I also am a member of the International Committee of Indigenous Peoples of Russia. It’s a relatively new organization we created in March 2022 as our reaction to the war in Ukraine. I escaped Russia for political reasons under the pressure of the Russian security service in 2011. Later, other Indigenous activists from Russia joined our team and are located now in different countries. When Russia invaded Ukraine in February 2022, we realized that we needed to unite our efforts to express our disagreement with this war and to show the world that the Indigenous Peoples of Russia do not support this conflict. I need to mention that it is very dangerous for Indigenous activists, our colleagues, sisters, and brothers who continue to live in Russia to express themselves openly about this war because of the fear of repression.

At the same time, it’s essential to underline who are the Indigenous Peoples in Russia. The Russian Federation, at the beginning of the 90s, recognized so-called small-numbered Indigenous Peoples, and it is rather unique terminology. It’s not used in other parts of the world. These are peoples who continue their traditional style of life, like reindeer herding, hunting, and fishing. At the same time, according to Russian legislation, they must be less than 50,000. From one perspective, it’s a very restrictive and discriminating situation for other Indigenous Nations in Russia, like, for example, Yakuts, who are bigger in number. On the other hand, we must recognize that our small-numbered Indigenous Peoples are among the most vulnerable. Some of our nations are less than several thousand, even hundreds of persons. About two-thirds of the small-numbered Indigenous Peoples of the Russian Arctic, Siberia, and the Far East are involved in the traditional economy, continue their traditional cultural practices, and preserve their traditional style of life. They depend economically on fishing, reindeer herding, and other customary livelihoods. Indigenous peoples continue to be one of the poorest parts of the general population of Russia. Such events like today’s discussion are significant for us because we experience a lack of resources, including intellectual, human resources, and financial ones, and our voice is not visible on the national as well as international levels because bigger players do not consider it important to hear some voices who are so small in number.

I also want to underline a significant point: what colonization is and how Russian officials and historians consider it.

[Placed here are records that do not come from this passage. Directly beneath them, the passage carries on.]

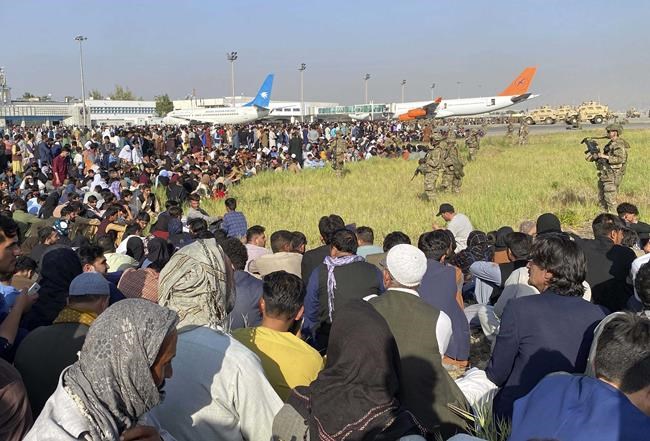 FILE - In this Monday, Aug. 16, 2021 file photo U.S. soldiers stand guard along the perimeter at the international airport in Kabul, Afghanistan. Hundreds of Western nationals and Afghan workers have been flown to safety since the Taliban reasserted control over the country. Yet still unprotected, and in hiding, are untold numbers of Afghans who tried to build a fledgling democracy. They include Afghans who worked with foreign forces, and who are now stranded and being hunted by the Taliban, along with aid workers.(AP Photo/Shekib Rahmani, File)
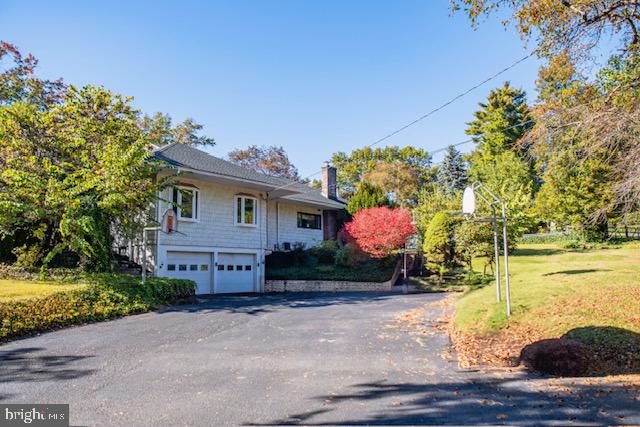 19 Valley Road Lewistown, PA 17044 - Photo 3 of 37 a front view of a house with a yard and a garage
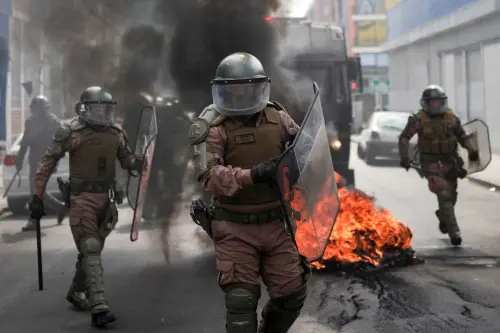 Protesters Clash with Police Outside Chile's Congress Following Delay of Fishing Law Vote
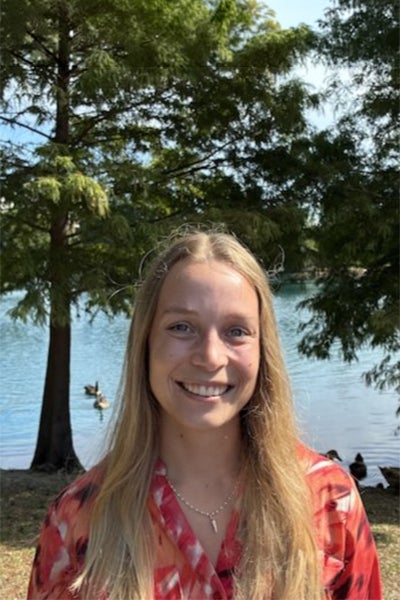 Smiling woman with long blonde hair wearing a red shirt, standing by a lake with trees in the background.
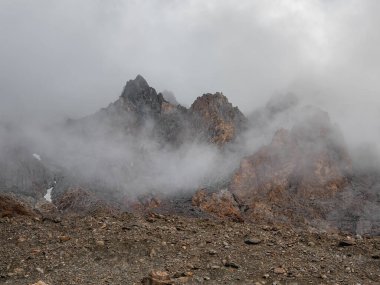 Soft focus. Atmospheric ghostly landscape with fuzzy silhouettes of sharp rocks in low clouds. Dramatic view to large mountains blurred in rain haze in gray low clouds.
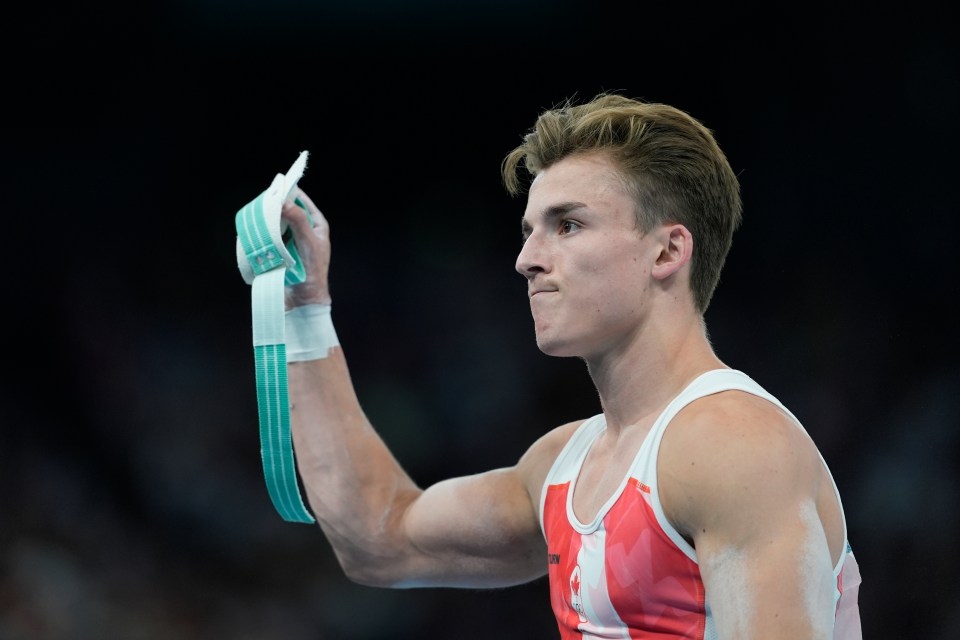 a young man in a red and white tank top holds a ribbon in his hand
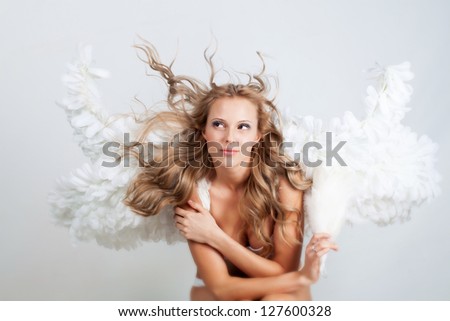Beautiful woman with angel wings in white underwear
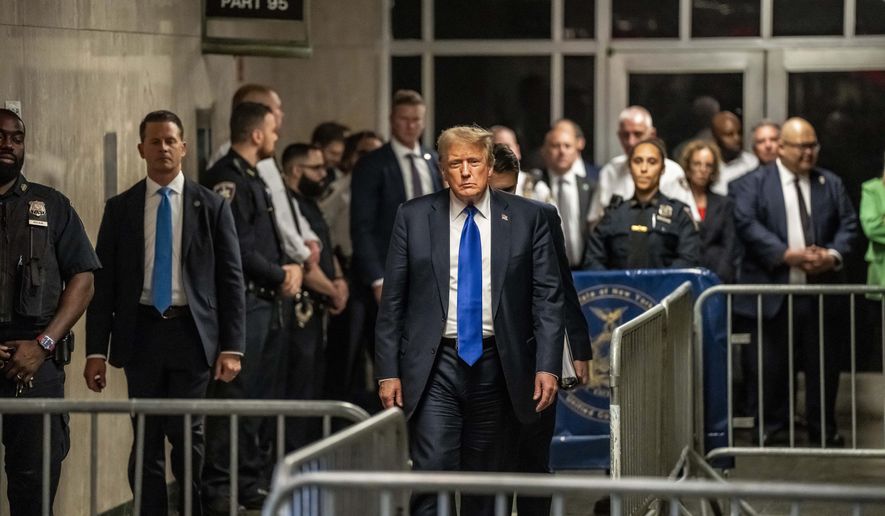 Former President Donald Trump walks out of court and toward the media following the verdict in his hush money trial, in New York, Thursday, May 30, 2024. (Mark Peterson/New York Magazine via AP, Pool)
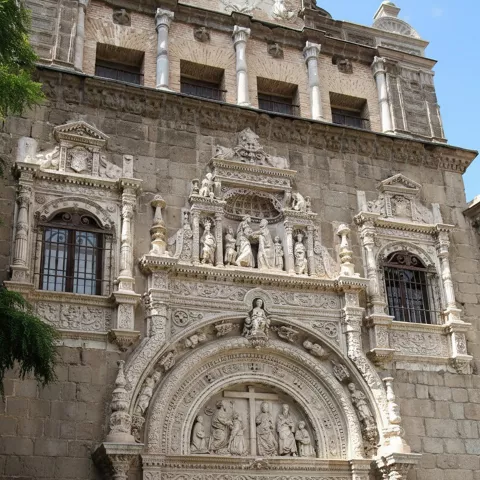 Fachada de piedra con portada ornamentada y relieves escultóricos.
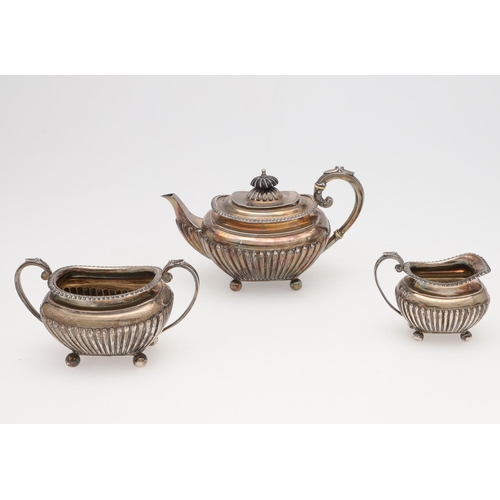 133 - A LATE VICTORIAN SMALL OR BACHELOR'S THREE-PIECE SILVER TEA SET. rounded rectangular, with tongue & ... 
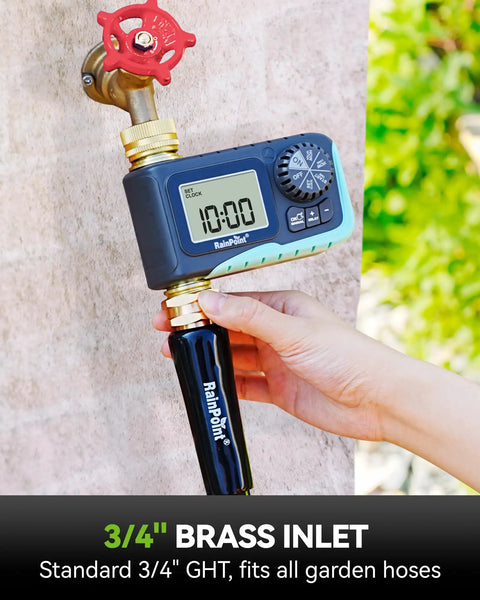 Person adjusting a Heavy Duty Metal Garden Hose Timer with Full Flow 100 Percent Metal Pipe on outdoor faucet for watering setup.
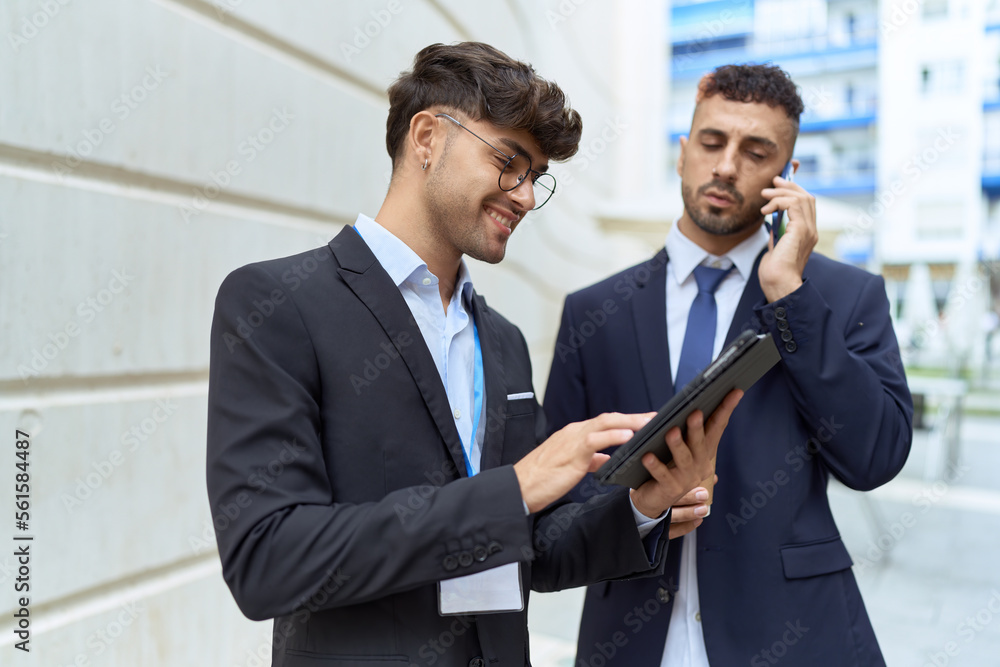Two hispanic men business workers using touchpad talking on smartphone at street Two hispanic men business workers using touchpad talking on smartphone at street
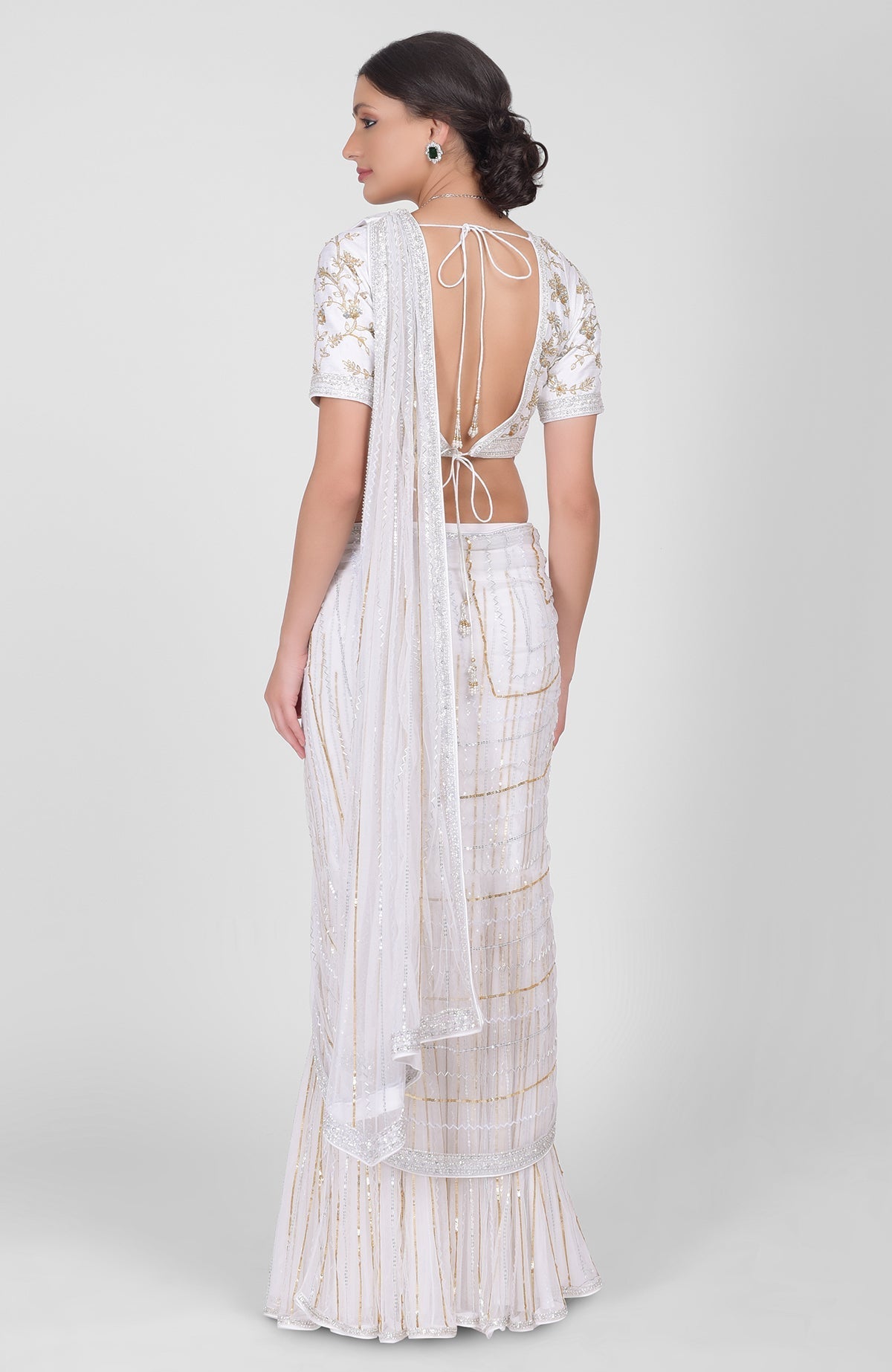 White saree with hand-embroidered gold, silver sequins, beads, paired with gold zari blouse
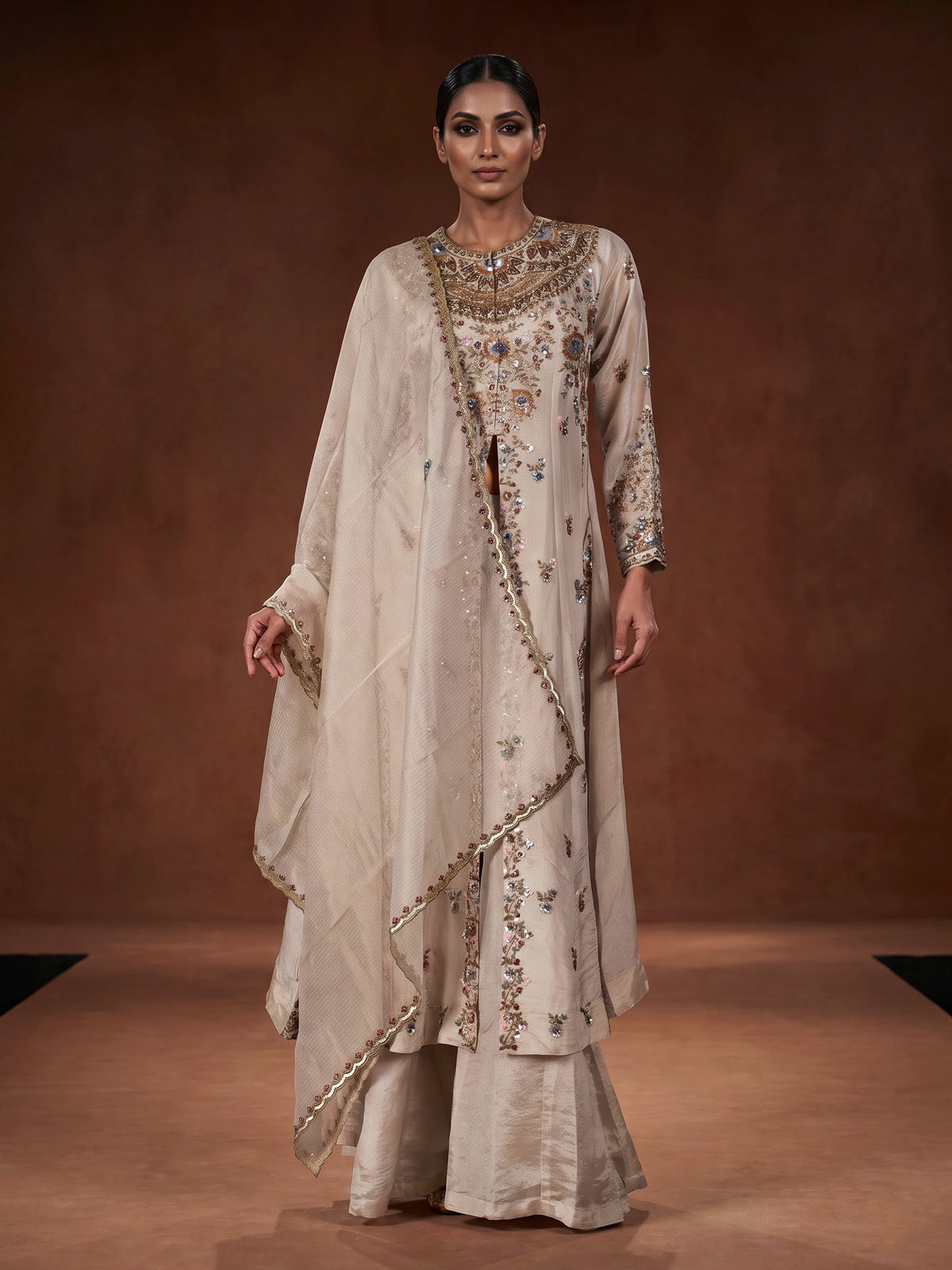 Off white tissue silk anarkali suit with pearl embellishments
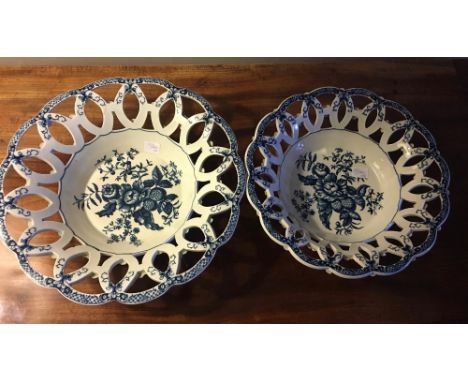 Two 18th c Worcester blue and white Pinecone pattern circular chesnut baskets the reiculated borders and flower bosses 1 29.5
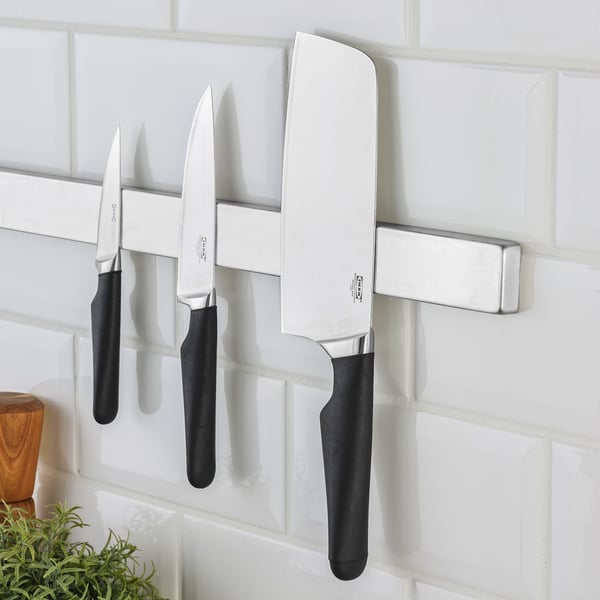 Magnetic knife rack holding three stainless steel VÖRDA knives with black handles against white tiled wall.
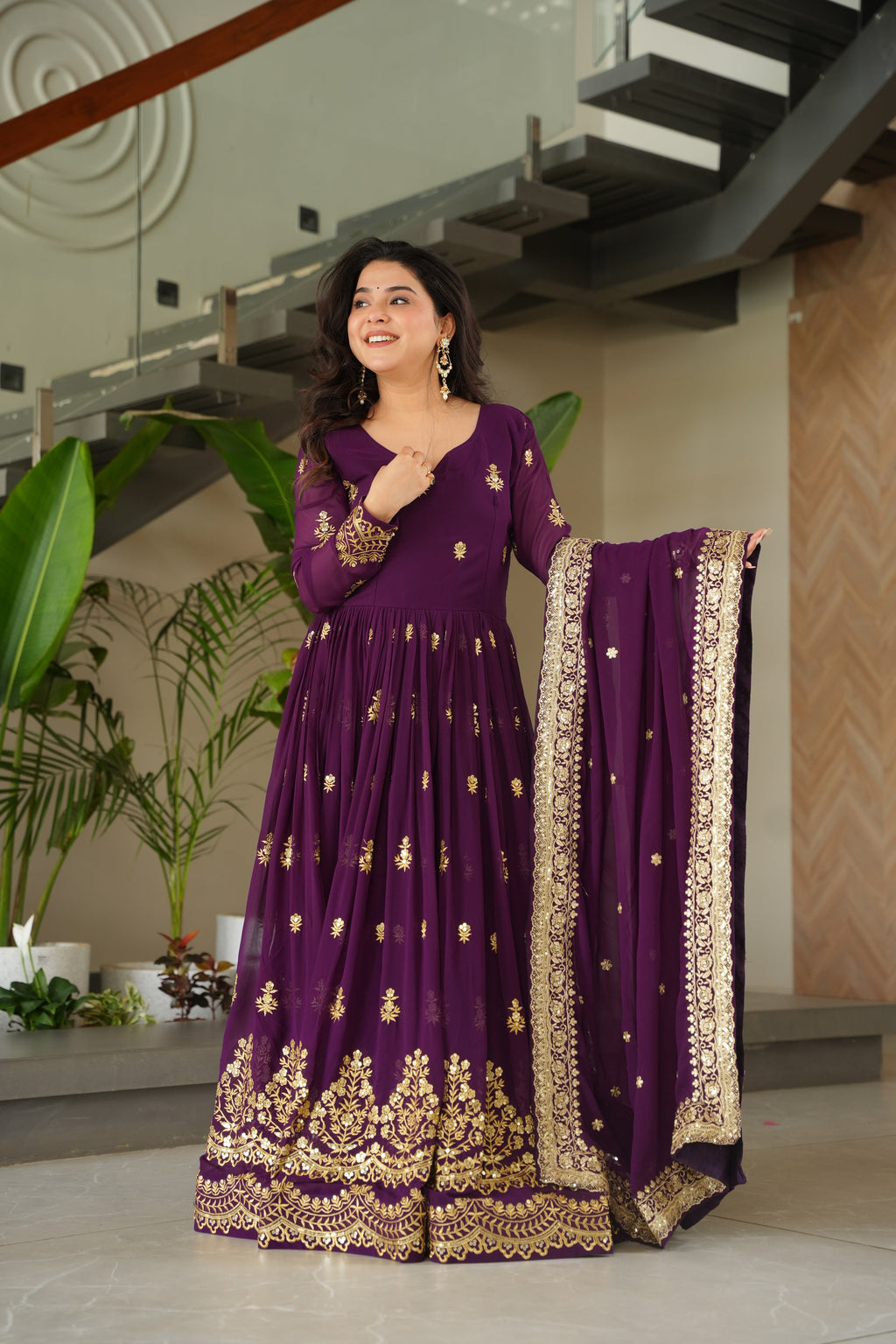 Rishita purple faux blooming zari sequins embroidered gown with dupatta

In the discourse that Russian historians and official representatives of the state promote, they do not recognize that Russia is a colonial empire. They say that Russia did not colonize Siberian territories as it was a voluntary unification and creation of nations’ brotherhood. At the same time, we understand that Russia is a pure example of a classical colonial empire. It’s a tradition that goes from Moscow Tsardom to the Russian Empire, then to the Soviet Union, and it continues today as the current Russian Federation. Russian officials insisted that the Russian empire was totally different from European empires like the British or Spanish ones.

But according to our point of view, the only significant difference was its economic nature. For example, when the Spanish came to America, they hunted for gold and killed everybody who possessed it to grab the treasure. In contrast, Russian Cossacks who came to Siberia needed, first and foremost, highly valued furs for external trading, and that’s why they did not kill too many Indigenous populations because they needed Yasak as a tax from conquered communities.

Further, the same economic nature of indigenous peoples’ engagement continued throughout the Soviet Union’s history, but the main trading item and its extraction system had just changed. The oil and natural gas extracted in Siberia and Yamal became the source of the Soviet Union and further the Russian Federation’s economic power. One more shift in the extractive nature of the same resource-based economy we are witnessing right now while the fossil fuel economy is transforming into a green one that is greedy for transitional minerals like lithium, nickel, and other similar metals.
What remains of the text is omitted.